The Discovery of Psilocybin
- Robert Gordon Wasson was the first modern man to get people interested in magic mushrooms. After 1955 he traveled to Southern Mexico to participate in a psilocybin ritual held by a local tribe. In 1957 he published the very popular article, “Seeking The Magic Mushroom” where he shares his experiences. Unfortunately, the locals ended up regretting ever inviting him into their small community. His article opened a floodgate. The area became overrun with people looking to have a similar experience.
- Wasson and his colleague, Roger Heim, then began identifying different psychedelic mushrooms.
- Albert Hoffman, A swiss Scientist, was the first person to synthesize psilocybin in 1958. He is maybe even more well-known as the inventor of LSD.
- Timothy Leary, psychologist, and Harvard professor became inspired by Wasson’s experience in Mexico and traveled there himself. He experienced a profound transformation and founded the Harvard Psilocybin Project. At the time shrooms were legal and he led a variety of different experiments.
In one experiment he gave prisoners psilocybin to see if it could be an effective psychotherapy aide. The results were incredible! Six months into the treatment the subject’s recidivism rate was 40% lower.
After this success, he became confident in this magical chemical healing qualities. He began to test it on his graduate students. Nearly every single student had profound spiritual experiences. They did a follow-up study on these students 25 years later and the results were positive. All of the students report that they experience long-term positive changes in their lives after the study.
The “War on Drugs”
The use of psychedelic drugs boomed in the ’60s. When you think of that time the first thing that comes to mind is probably the hippie culture. Unfortunately, due to the stigma around psychedelics, they were unacceptable in mainstream society. Leary was fired his position from Harvard in 1963. This was due to backlash from faculty and academics. They stopped all studies right away. Magic mushrooms were no longer seen as taboo but as dangerous. They were officially made illegal in October 1968. Nixons “warn on drugs” in the ‘70s created the idea that all drugs were bad. Until the ’90s there was no new research. This is when interest in this magical fungus was reignited.

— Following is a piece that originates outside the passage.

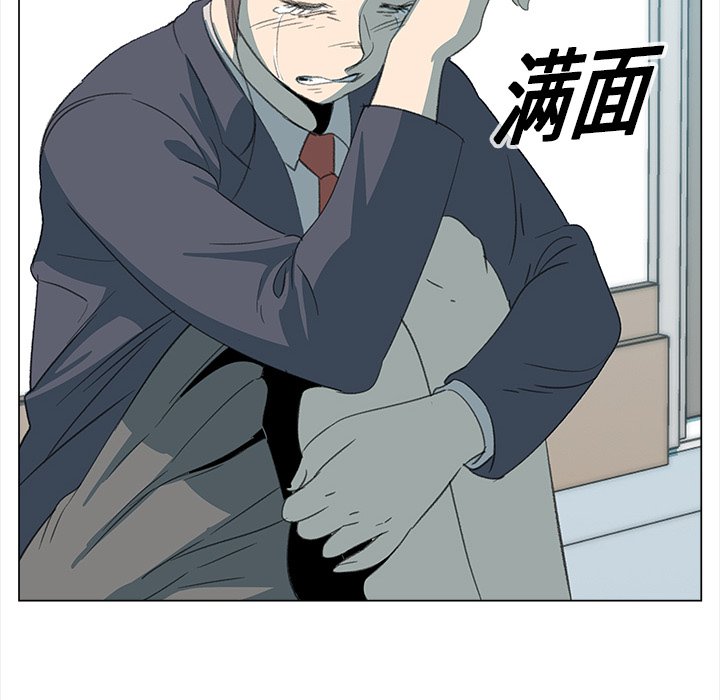 第14話 - 第81张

Magic mushrooms have had an amazing comeback in recent years. New research has been replacing the old stigma around this natural psychedelic. This has helped them to become more mainstream. The first new psilocybin study was conducted in 1997. This led to a new surge popular interest. This led to a resurgence of interest which led to many more studies. The FDA granted Compass Pathways to study the benefits of psilocybin on depression in 2018. One of the biggest things to happen was in 2019. John Hopkins opened a center for Psychadelic and Consciousness research. They are currently studying the benefits of this natural chemical as a treatment for PTSD, Lyme disease, and alcohol dependency.